Information shown –
BEGIN
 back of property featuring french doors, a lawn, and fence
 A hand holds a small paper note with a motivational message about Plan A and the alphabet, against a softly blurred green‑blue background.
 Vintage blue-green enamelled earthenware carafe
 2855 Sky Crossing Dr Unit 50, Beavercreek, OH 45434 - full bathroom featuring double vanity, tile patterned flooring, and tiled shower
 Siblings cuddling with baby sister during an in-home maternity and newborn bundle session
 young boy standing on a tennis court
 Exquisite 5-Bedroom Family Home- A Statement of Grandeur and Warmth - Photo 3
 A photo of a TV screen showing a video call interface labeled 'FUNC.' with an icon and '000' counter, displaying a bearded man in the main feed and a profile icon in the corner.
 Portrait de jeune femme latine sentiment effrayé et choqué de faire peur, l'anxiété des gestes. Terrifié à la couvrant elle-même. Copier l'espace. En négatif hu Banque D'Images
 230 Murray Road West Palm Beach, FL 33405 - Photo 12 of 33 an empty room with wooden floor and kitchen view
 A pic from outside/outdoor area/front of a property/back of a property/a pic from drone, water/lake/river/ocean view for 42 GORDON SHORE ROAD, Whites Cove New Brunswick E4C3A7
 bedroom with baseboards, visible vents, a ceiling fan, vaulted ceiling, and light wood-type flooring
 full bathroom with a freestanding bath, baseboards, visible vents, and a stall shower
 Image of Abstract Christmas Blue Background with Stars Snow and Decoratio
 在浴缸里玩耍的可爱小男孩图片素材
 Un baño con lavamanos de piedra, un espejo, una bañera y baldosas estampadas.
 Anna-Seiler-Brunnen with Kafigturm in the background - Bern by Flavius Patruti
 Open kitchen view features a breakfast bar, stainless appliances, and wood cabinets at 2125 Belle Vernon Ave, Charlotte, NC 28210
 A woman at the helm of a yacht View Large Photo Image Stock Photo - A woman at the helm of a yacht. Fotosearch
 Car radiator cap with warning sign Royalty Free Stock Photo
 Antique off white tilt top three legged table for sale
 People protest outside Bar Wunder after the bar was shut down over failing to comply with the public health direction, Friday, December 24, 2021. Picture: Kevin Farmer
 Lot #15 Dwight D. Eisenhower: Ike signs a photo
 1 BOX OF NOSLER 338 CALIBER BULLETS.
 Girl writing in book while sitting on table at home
END
Your instructions – Give every line of the material again, exactly.

Answer space –
 back of property featuring french doors, a lawn, and fence
 A hand holds a small paper note with a motivational message about Plan A and the alphabet, against a softly blurred green‑blue background.
 Vintage blue-green enamelled earthenware carafe
 2855 Sky Crossing Dr Unit 50, Beavercreek, OH 45434 - full bathroom featuring double vanity, tile patterned flooring, and tiled shower
 Siblings cuddling with baby sister during an in-home maternity and newborn bundle session
 young boy standing on a tennis court
 Exquisite 5-Bedroom Family Home- A Statement of Grandeur and Warmth - Photo 3
 A photo of a TV screen showing a video call interface labeled 'FUNC.' with an icon and '000' counter, displaying a bearded man in the main feed and a profile icon in the corner.
 Portrait de jeune femme latine sentiment effrayé et choqué de faire peur, l'anxiété des gestes. Terrifié à la couvrant elle-même. Copier l'espace. En négatif hu Banque D'Images
 230 Murray Road West Palm Beach, FL 33405 - Photo 12 of 33 an empty room with wooden floor and kitchen view
 A pic from outside/outdoor area/front of a property/back of a property/a pic from drone, water/lake/river/ocean view for 42 GORDON SHORE ROAD, Whites Cove New Brunswick E4C3A7
 bedroom with baseboards, visible vents, a ceiling fan, vaulted ceiling, and light wood-type flooring
 full bathroom with a freestanding bath, baseboards, visible vents, and a stall shower
 Image of Abstract Christmas Blue Background with Stars Snow and Decoratio
 在浴缸里玩耍的可爱小男孩图片素材
 Un baño con lavamanos de piedra, un espejo, una bañera y baldosas estampadas.
 Anna-Seiler-Brunnen with Kafigturm in the background - Bern by Flavius Patruti
 Open kitchen view features a breakfast bar, stainless appliances, and wood cabinets at 2125 Belle Vernon Ave, Charlotte, NC 28210
 A woman at the helm of a yacht View Large Photo Image Stock Photo - A woman at the helm of a yacht. Fotosearch
 Car radiator cap with warning sign Royalty Free Stock Photo
 Antique off white tilt top three legged table for sale
 People protest outside Bar Wunder after the bar was shut down over failing to comply with the public health direction, Friday, December 24, 2021. Picture: Kevin Farmer
 Lot #15 Dwight D. Eisenhower: Ike signs a photo
 1 BOX OF NOSLER 338 CALIBER BULLETS.
 Girl writing in book while sitting on table at home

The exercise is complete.